2. Another way would be to have no {{}} or [[cat:]] or the like at all, but use the "pages that link here" function I already implemented. Instead of a seperate page, it could be included by a variable on every page that (supposedly) is a category. The advantage would be that we'd only have to add "see also" links or the like on all the pages to have them listed. The disadvantage would be having pages listed that we don't want to have (e.g., "HomePage" would be listed on the "Biology" page, because it links there).
But currently, I don't think the problem is a technological one. IMHO the question is "have category functionality or not?". I'll leave that one to the rest of the community and to the "higher powers";)
Magnus
Simon Kissane sj_kissane@yahoo.com writes:
I both agree and disagree. An organized collection of links can be useful. But an alphabetical list of articles in the category can still be quite useful.
[later:]
I don't envision the primary responsibility for categorisation necessarily being with the writer of the page.
[and, on the topic of "just edit one page":]
Well, it depends on how well you know the category, and how it is organized. If you are thinking of just assigning things to major categories, like "Physics", or "Philosophy" and "History", and we are in the process of assigning 20,000 articles to these major categories, then just being able to click "Edit this page", add "{{CATEGORY}}}" and save is a lot simpler.
I think my suggestion to add a "put this page in the following categories" box (in addition to the normal "edit page text" box) can achieve all that:
* Page authors not interested in elaborate categorisation have a quick way to stuff a topic into the right categories.
* These categories end up with an unsorted (or alphabetically sorted) list of topics.
* "Categorisers" can use this unsorted lists and gradually move topics from there into a proper order.

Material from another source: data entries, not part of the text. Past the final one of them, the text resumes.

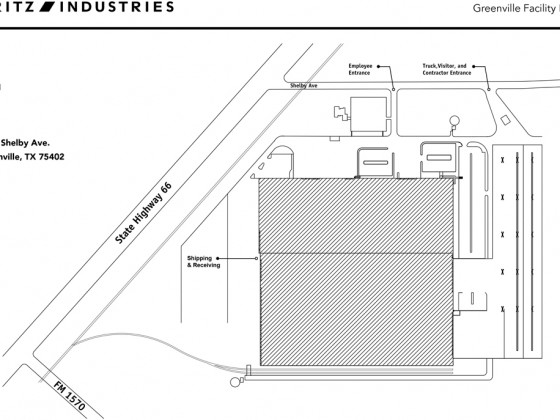 Greenville Facilities Map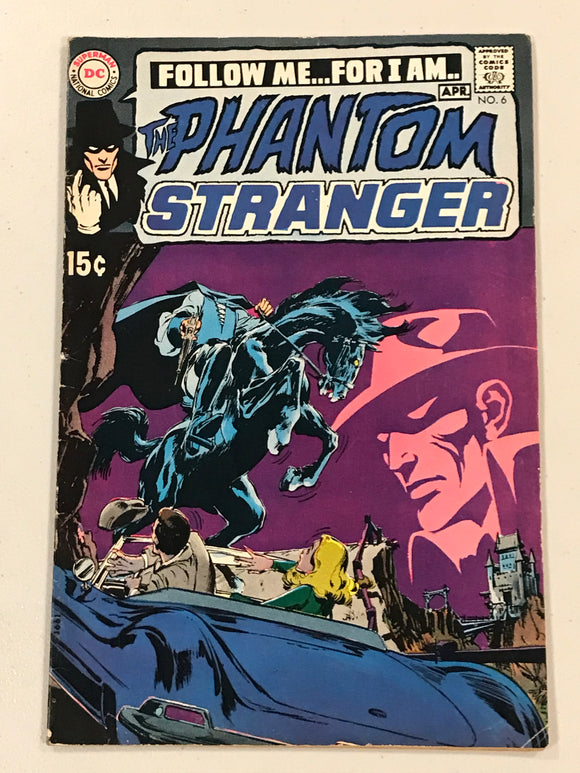 Phantom Stranger 6 - Neal Adams cover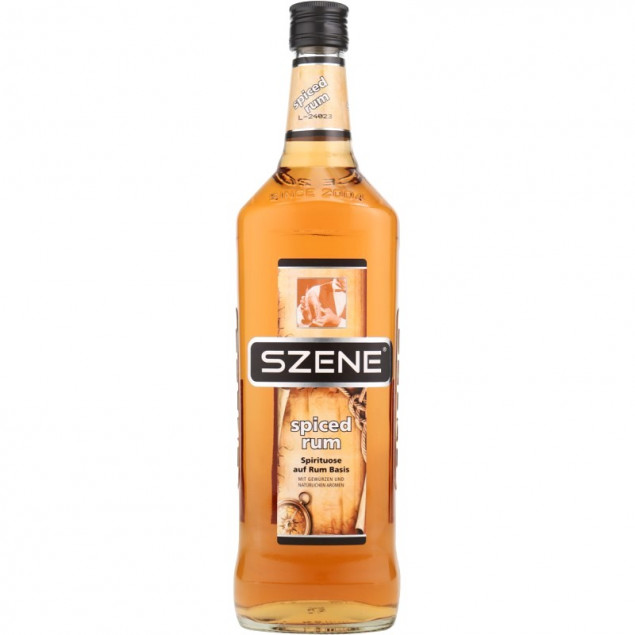 Szene Spiced Rum 1 L 35% vol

* Topics which are afterwards put in a category the same way again end up in an unsorted section, ready to be moved into the existing order.
I know it might sound like a bit of an overkill, but we could have both -- we could have organized and unorganized category pages, the unorganized ones automatically generated, the organized ones made by hand. Since we'd only have to maintain one (the organized one), its really no more work than we have at the moment.
My scheme keeps both parts (manual and automatic) of a category on one page so that they can be kept in sync more easily. Otherwise "categorisers" always have to scan the automatic page for changes.
Well, my suggestion was that they would be subcategories, or independent categories in their own life... so an algorithm could go in the category [[Computer Science/Algorithms]], or alternatively in both the [[Computer Science]] category and the [[Algorithms]] category. Using a modification of Magnus' proposal you could display the contents of multiple categories on the one page.
This would work, although it would blur the one-article-one-page concept. What would you be editing if you select "edit" on such an [[Computer Science]] page automatically built from a number of subpages?